There are many steps:
Step 1, select a state $\Psi$.
Step 2, prepare many systems in same state $\Psi$
Step 3, select two operators A and B
Step 4a, for some of the systems prepared in state $\Psi$, measure A
Step 4b, for some of the systems prepared in state $\Psi$, measure B
Now if you analyze the results, assuming strong (not weak) measurements then every time you measured A, you got an eigenvalue of A, and every time you measure B you got an eigenvalue of B. Each eigenvalue had a probability (which is equal to the ratio of the squared norm of the projection onto the eigenspace divided by the squared norm before you projected onto the eigenspace). So your eigenvalues of A come from a probability distribution that often has a mean $\langle A\rangle=\langle \Psi|A|\Psi\rangle $ and a standard deviation $\Delta A=\sqrt{\langle \Psi|\left(A^2-\langle \Psi|A|\Psi\rangle^2\right)|\Psi\rangle}$. And your eigenvalues of B come from a probability distribution that often has a mean $\langle B\rangle=\langle \Psi|B|\Psi\rangle $ and a standard deviation $\Delta B=\sqrt{\langle \Psi|\left(B^2-\langle \Psi|B|\Psi\rangle^2\right)|\Psi\rangle}$. You never get those from a measurement, or even from a whole bunch, but from steps 4a and 4b you do get a sample mean and a sample standard deviation, and for a large sample these are likely to be very close to the theoretical mean and the theoretical standard deviation.
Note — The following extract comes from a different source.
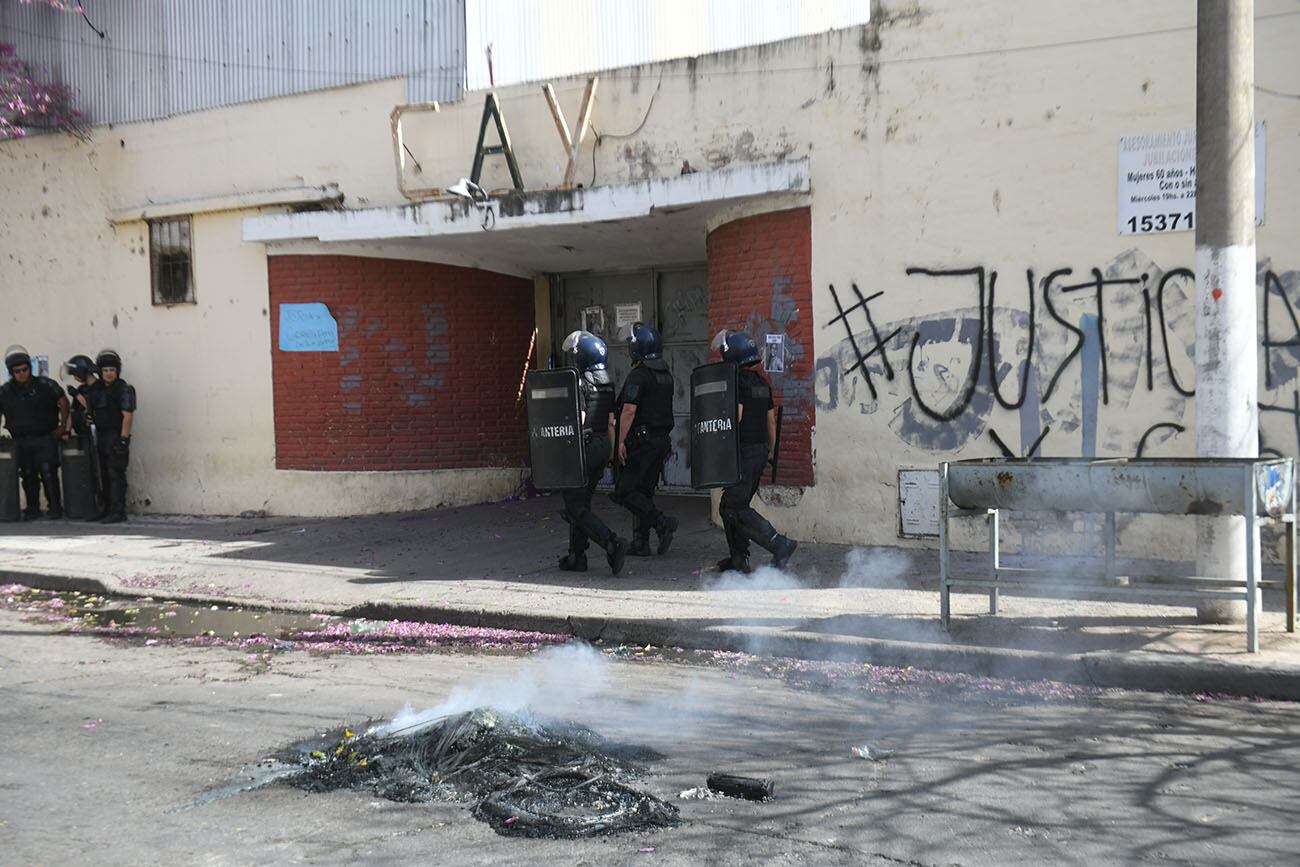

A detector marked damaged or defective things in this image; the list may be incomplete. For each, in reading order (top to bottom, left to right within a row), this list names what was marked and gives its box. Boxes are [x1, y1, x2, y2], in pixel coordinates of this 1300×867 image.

burnt debris pile [279, 707, 676, 837]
The uncertainty principle says that way back in step 1 (when you selected $\Psi$) you could select a $\Psi$ that gives a small $\Delta A$, or a $\Psi$ that gives a small $\Delta B$ (in fact if $\Psi$ is an eigenstate of A then $\Delta A=0$, same for $B$). However, $$\Delta A \Delta B \geq \left|\frac{\langle AB-BA\rangle}{2i}\right|=\left|\frac{\langle\Psi| AB-BA |\Psi\rangle}{2i}\right|,$$
So in particular noncommuting operators often (i.e. if the expectation value of their commutator does not vanish) have a tradeoff, if the state in question has really low standard deviation for one operator, then the state in question must have a higher standard deviation for the other.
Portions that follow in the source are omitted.